C’est la raison pour laquelle il faut tirer la sonnette d’alarme : ces chaînes menacent la sécurité nationale, créent un climat d’angoisse, nourrissent la méfiance et menacent le tissu social. Et d’autres à force de parler de la Présidence donnent l’image de chaînes qui parlent au nom de forces qui prennent en otage l’Etat, la nation et son unité.

Quelle est l’instance qui peut rappeler les exigences du métier ? L’Autorité de régulation de l’audiovisuel (ARAV) ou une autre institution ?

J’ai beaucoup de choses à dire sur l’ARAV. Je n’ai cessé depuis son installation de dénoncer la complicité de cette instance par son silence face à la haine religieuse, aux stéréotypes et aux discriminations faites aux femmes et autres graves dérives. Mais aucune réaction. L’Arav sous Hamid Grine, ancien ministre de la Communication, était soumise au diktat du ministre et je tiens cela d’un ancien membre de cette instance, le défunt Zahir Ihaddaden.

Il avait dénoncé, lors des différentes réunions, la violation de la loi par le ministre et son ingérence dans les prérogatives de cette instance. Dans les jours qui viennent, je vais rédiger un texte pour tout dire sur le travail de mon ex-directeur de thèse en annonçant une information jamais publiée.

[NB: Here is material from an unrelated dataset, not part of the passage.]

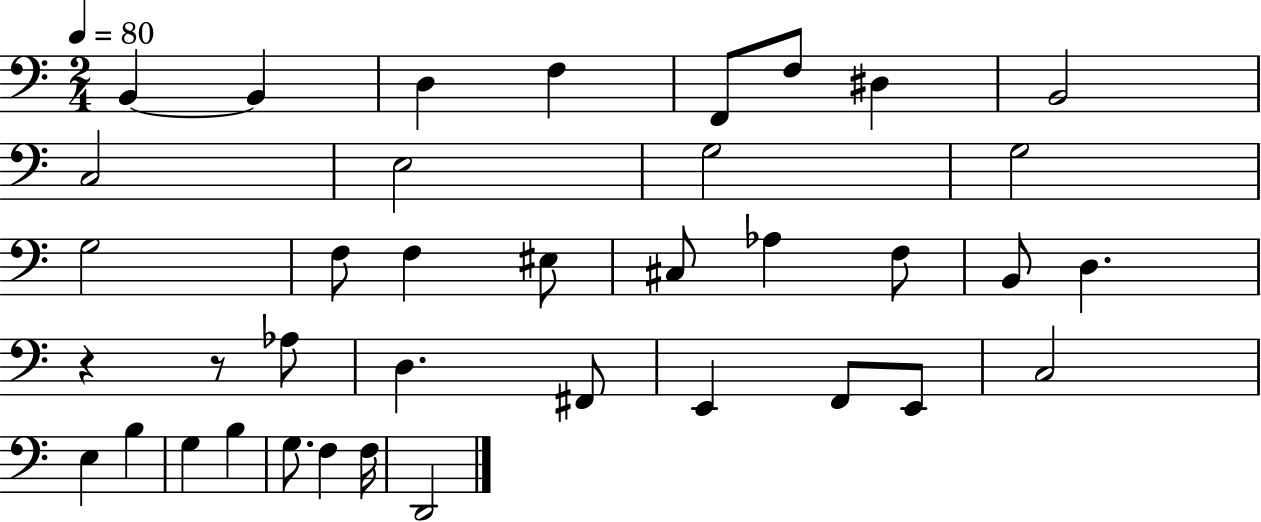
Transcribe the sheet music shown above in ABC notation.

L’Arav elle aussi a violé la loi : un de ses membres a travaillé pour le PC de campagne de Bouteflika en 2014 et en 2019 en violation de l’article 61 et il a même été désigné comme directeur de la Télévision publique (EPTV). Il s’agit là d’une grave violation de la loi, d’un authentique conflit d’intérêt.

Que faire face à cette situation ?

Je suis vraiment peiné de confier à mes amis et amies journalistes que ce métier est clochardisé. Que cette corporation est l’otage de l’informel, des tripotages politico-financiers, de l’argent sale de la rente publicitaire.

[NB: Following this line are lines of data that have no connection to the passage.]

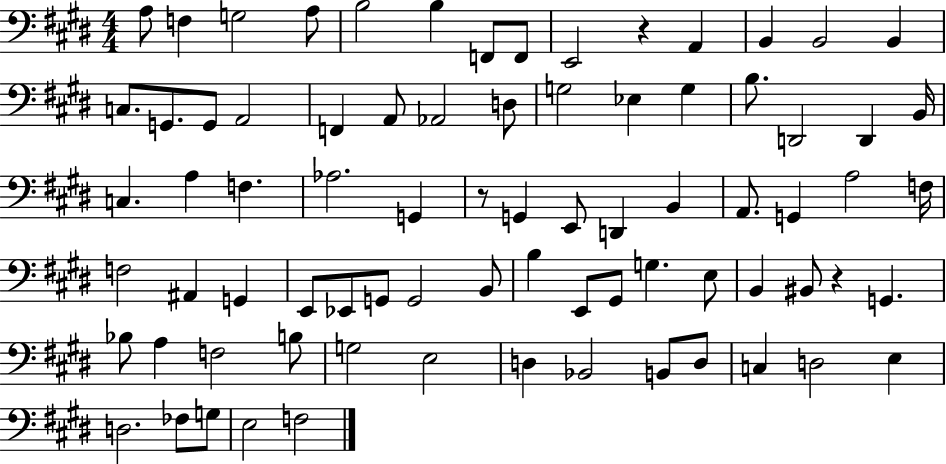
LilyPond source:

{
  \clef bass
  \numericTimeSignature
  \time 4/4
  \key e \major
  \repeat volta 2 { a8 f4 g2 a8 | b2 b4 f,8 f,8 | e,2 r4 a,4 | b,4 b,2 b,4 | \break c8. g,8. g,8 a,2 | f,4 a,8 aes,2 d8 | g2 ees4 g4 | b8. d,2 d,4 b,16 | \break c4. a4 f4. | aes2. g,4 | r8 g,4 e,8 d,4 b,4 | a,8. g,4 a2 f16 | \break f2 ais,4 g,4 | e,8 ees,8 g,8 g,2 b,8 | b4 e,8 gis,8 g4. e8 | b,4 bis,8 r4 g,4. | \break bes8 a4 f2 b8 | g2 e2 | d4 bes,2 b,8 d8 | c4 d2 e4 | \break d2. fes8 g8 | e2 f2 | } \bar "|."
}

Ce paysage sinistré est aggravé par l’absence de stratégie de formation continue des journalistes. J’appelle les journalistes à s’organiser dans un grand syndicat pour libérer le métier et imposer les règles déontologiques, libérer l’information de la propagande, séparer l’information de la publicité, bannir le journalisme à charge et à décharge, arrêter la haine sous toutes ses formes.

Il est urgent de révoquer pour l’éternité toutes les formes de discrimination faites aux femmes dans les médias et surtout séparer les intérêts de la corporation avec les intérêts des patrons de presse. Il est nécessaire d’envisager dans les meilleurs délais des états généraux de la presse, car l’heure est grave, extrêmement grave.

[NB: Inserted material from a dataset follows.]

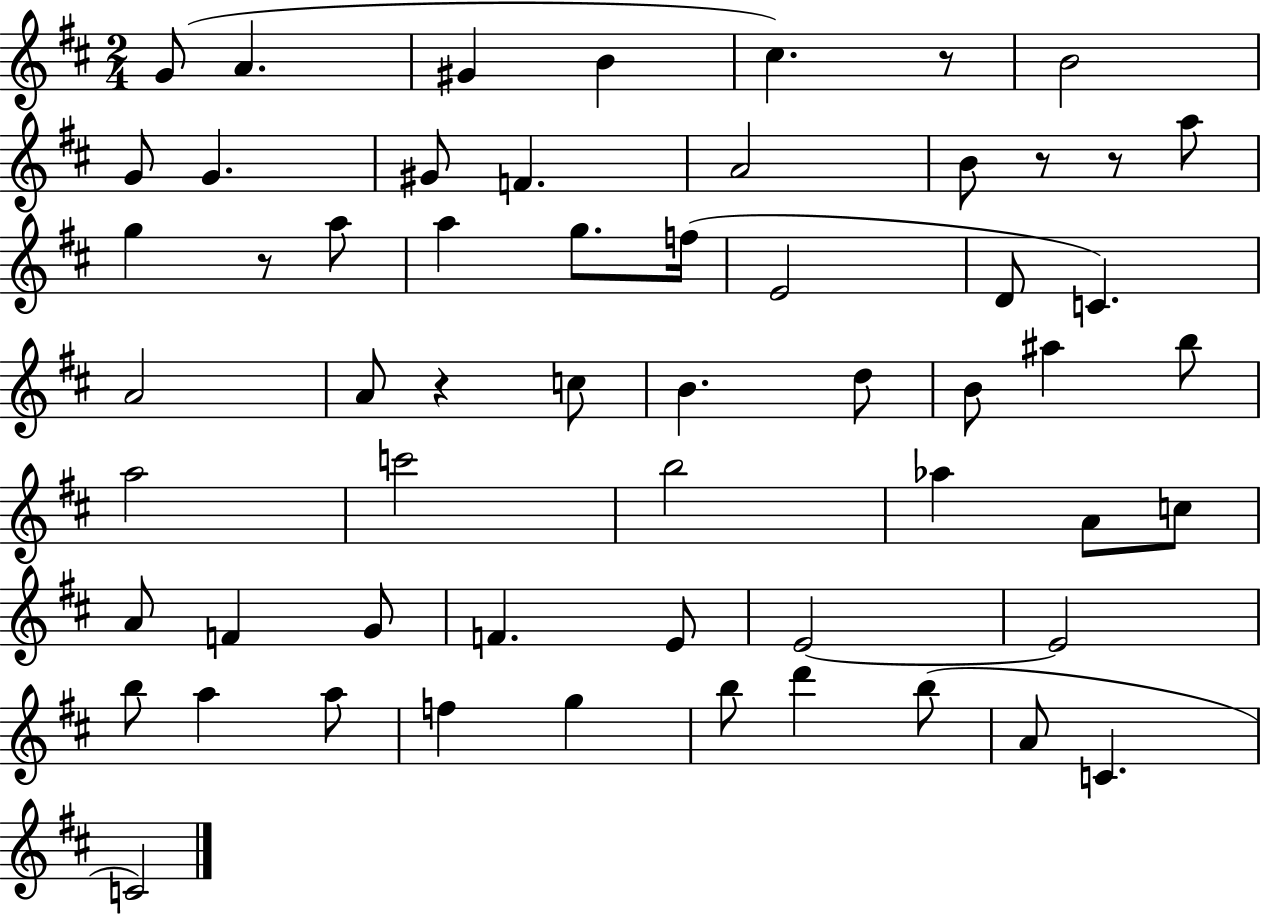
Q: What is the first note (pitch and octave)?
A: G4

Il est absolument indispensable de construire un paysage médiatique doté de systèmes de régulation professionnels et de contre-pouvoir. L’actuelle ARAV est finie historiquement en attendant la construction de la République portée par les Algériennes et les Algériens. Il est temps de forger les instruments de l’autorégulation médiatique et civile.

Ce que je propose de fait est une série de pistes, les grandes lignes d’un programme qui doit être défini par les journalistes, les universitaires et la société civile. Le chemin sera long difficile mais nécessaire pour sauver le métier et le pays.